### Input
..............................

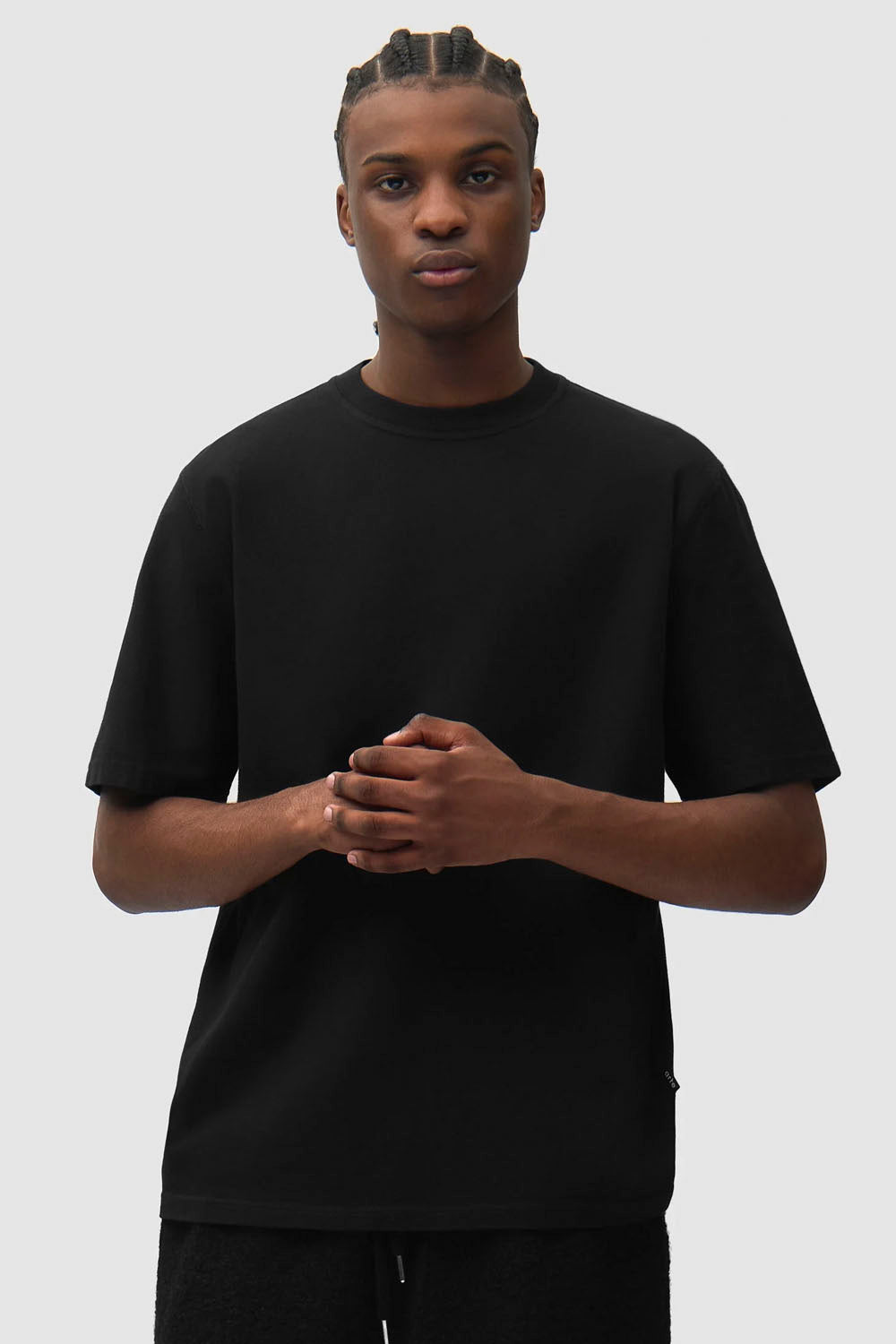 A man wearing a plain black short-sleeve crewneck t-shirt, standing against a light gray studio background with his hands clasped in front.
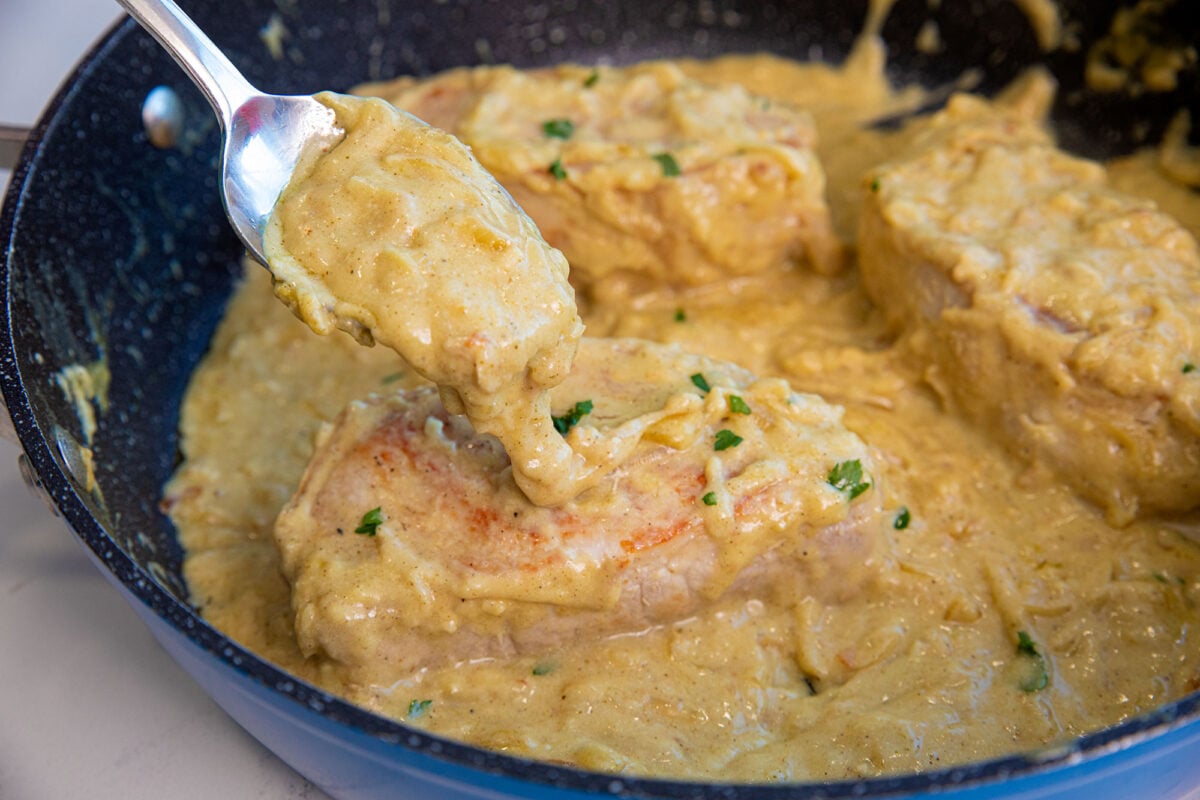 pork chops in a pan with sauce cooked and spooning sauce overtop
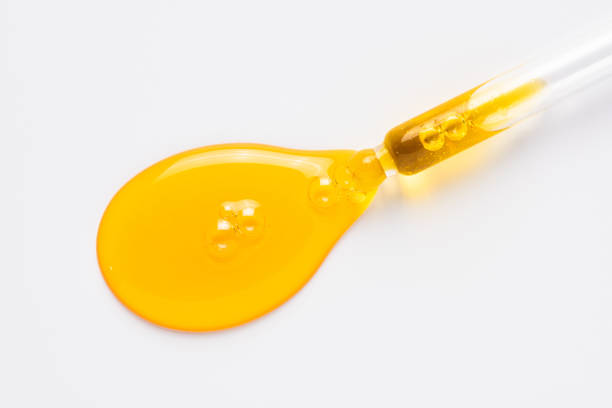 istock Cosmetic dropper with yellow oil. Anti-aging serum on white. 1237860108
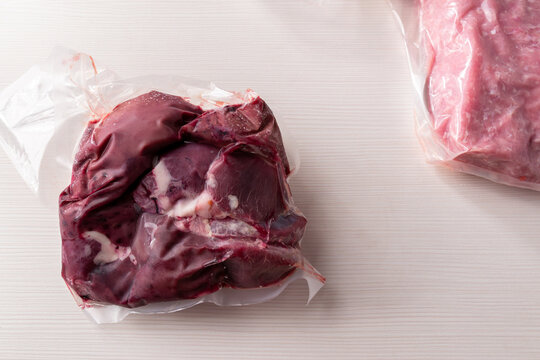 Organic raw turkey offal and ground meat in vacuum sealed bags, frozen bio poultry giblets for healthy meal prep.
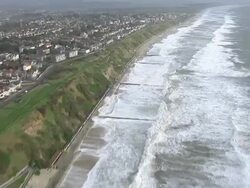 Aerials of Waves Crashing on Bournemouth Beach News Clip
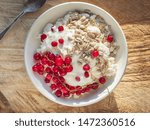 Small photo of Rustic cottage cheese with seeds and sour cream in a deep white plate on a wooden spile, from the upper angle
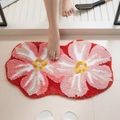 Floral tufted bath mat with non-slip backing in vibrant red and pink flower shape - Pink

..............................

### Prompt
Repeat nothing but the lines from the one containing "Small photo of" through the end of the entries, exactly, and skip the pictures.

### Output below
 Small photo of Rustic cottage cheese with seeds and sour cream in a deep white plate on a wooden spile, from the upper angle
 Floral tufted bath mat with non-slip backing in vibrant red and pink flower shape - Pink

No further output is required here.